Mani Foroohar: Hi. Thank you for taking our follow-up question. Kind of similar to the last question, you previously talked about optimizing the vein-to-vein process. Would you be able to walk us through how reni-cel could provide advantages from either both operational or logistics perspective? Thank you.
Gilmore O’Neill: So Baisong I’m going to ask, I’ll ask Baisong to address that.

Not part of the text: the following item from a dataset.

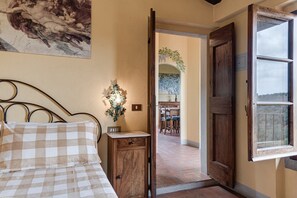 1 bedroom, iron/ironing board, free WiFi, bed sheets - Farmhouse 'Il Pintello - La Lepre' with Shared Pool, Wi-Fi and Air Conditioning (San Casciano VP)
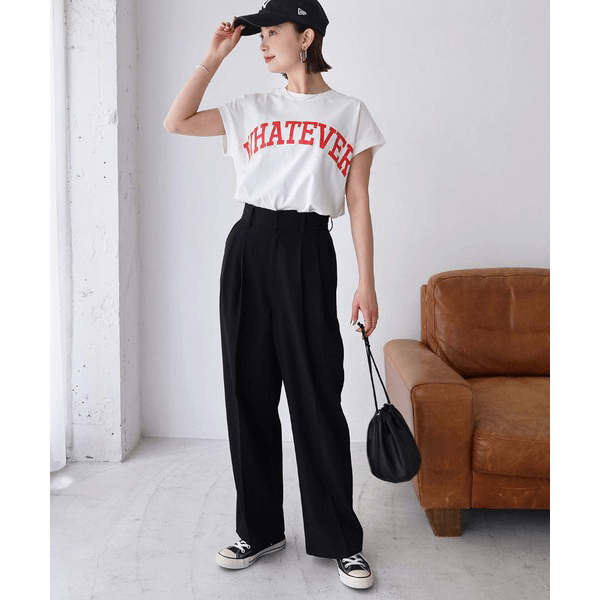 天竺棉圓弧下擺設計上衣_白底紅字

Baisong Mei: Yes. Happy to. We are over this process, really working together that with the study sites to optimize this process. And that coming from multiple factors. One of the factors just mentioned is bio- apheresis. The other factor is the logistics. And we provide support on that. The third factor is actually patient condition. As we know that we are treating the severe sickle cell disease. And before the reni-cel treatment, they can have multiple VOE per year. And that also can impact the vein-to-vein time.
Caren Deardorf: Mani, this is Caren. I would just add that, again, in the fast follower position, one of the things that it gives us the opportunity to do is to really understand as the first two therapies are commercialized, what’s working, what’s not working, what they need to see differently, and really making sure that Editas sets ourselves up as the partner of choice. And so, we’re working very hard on that. And we’ll certainly talk about that at a later time.
Mani Foroohar: Great. Thanks so much for taking questions.
Operator: Ladies and gentlemen, this concludes today’s call. Thank you once again for your participation. You may now disconnect.